On the other side of a now divided Christendom, Spanish Christian armies did better. Fighting against Arab and Berber Muslims in Iberia for over 300 years, they captured the significant city of Toledo in 1085 and took control of roughly the northern half of Iberia.

In 1095, the Greek Christian Alexios 1st Komnenos, Roman emperor, requested military assistance from Urban 2nd, ruler of the Latin Christian Church, to recover control of Christian people, church buildings, and landmarks in Anatolia and central Levantia from the Muslims. In November Urban convened a general council of church and political leaders in Clermont, Gallia, to develop a response. Urban told the gathered leaders that they should restore Christian control of eastern Olympia, save Christian pilgrims from Muslim violence, and retake Jerusalem. Those gathered shouted, “God wills it!”

The People's Crusade
Urban expected a few thousand knights to answer his call. Instead most of the people responding enthusiastically to his call were peasants.

An itinerant preacher named Peter the Hermit inspired perhaps 30,000 people, mostly peasants (men, women, and children) but also some minor knights, to gather together and head for Jerusalem under his leadership. This motley crew came to be called the People's Crusade.

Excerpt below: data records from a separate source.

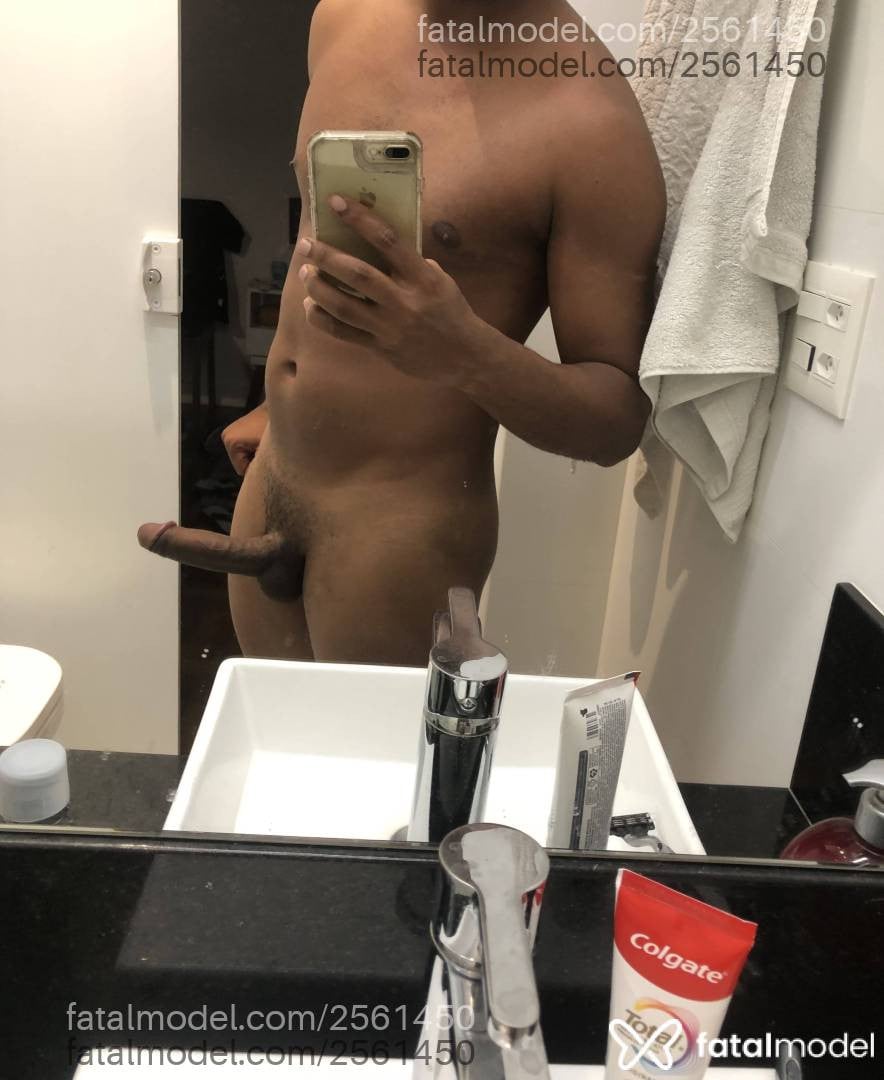 Acompanhante homem com cabelo castanho de olhos pretos em Rio de Janeiro - Pedro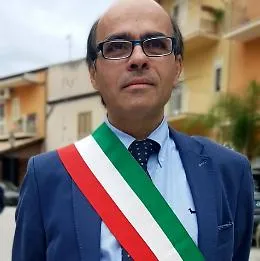 Manifesto funebre con la foto del sindaco Spinelli: seconda intimidazione in una settimana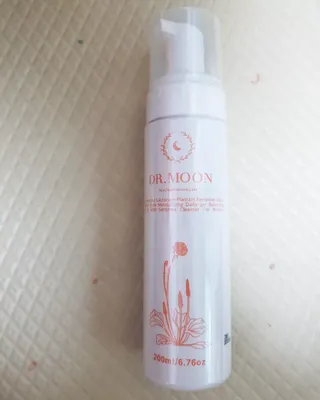 MF프리 [닥터문] 유산균 락토케어 질경초 여성청결제 200ml (폼타입) — 4점을 준 리뷰어가 2022년 7월 올린 사용 사진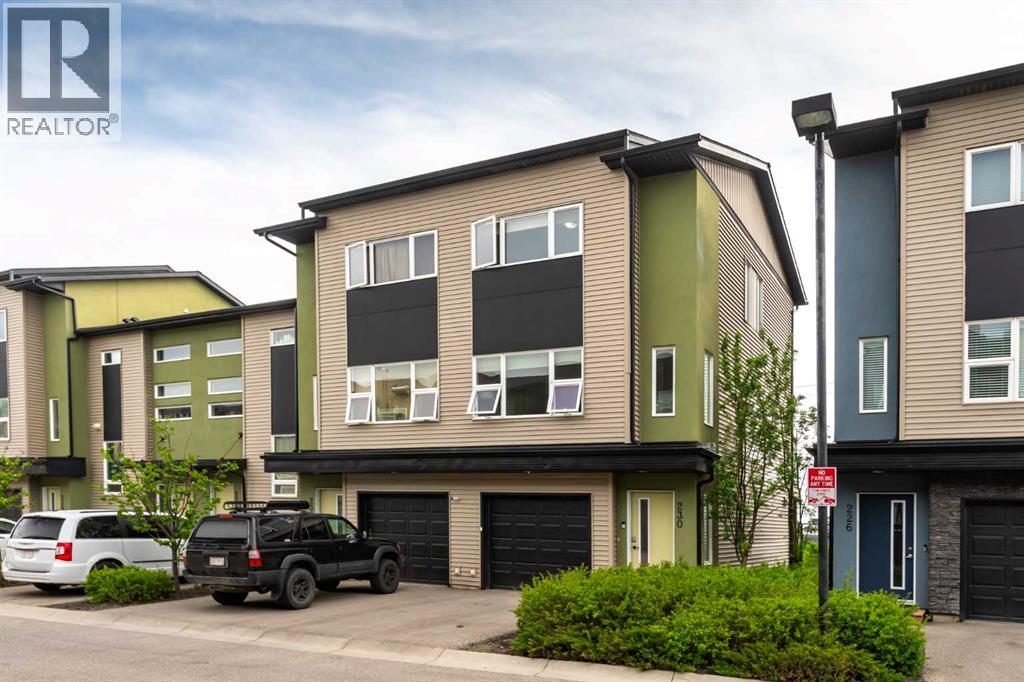 Row / Townhouse for Sale in 230 Covecreek Circle NE|Calgary, Alberta T3K0W6
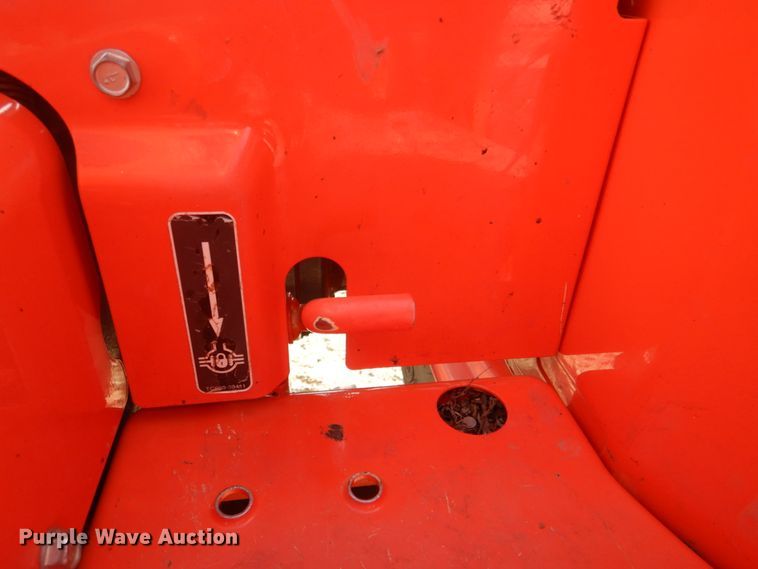 image for item DL6762 2019 Kubota L3301HST  MFWD tractor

As this large group of people moved south down the Rhine River valley, they robbed and murdered perhaps 6,000 Jews in several cities along the river. This occurred despite attempts by Latin Christian leaders to prevent it.

This spontaneous and undisciplined army continued to pillage and murder its way to Constantinople. The emperor wisely ferried them quickly across the Bosporus. Rather than waiting for the professional soldiers who were coming, this army continued its rush toward Jerusalem. Professional Muslim soldiers defending their territory quickly slaughtered a majority of them.

The Stronger Crusaders March to Jerusalem
The four main armies of Crusaders left their homes in Gallia, Alpinia, and southern Latinia in August 1096 and met in Constantinople by April 1097. Entering Anatolia together, they first besieged and took Nicaea in June. In keeping with previous agreements, Latin Christian Crusaders handed control of Nicaea to the Greek Christian emperor and he, in turn, paid them well for their work. They then continued their march toward Jerusalem.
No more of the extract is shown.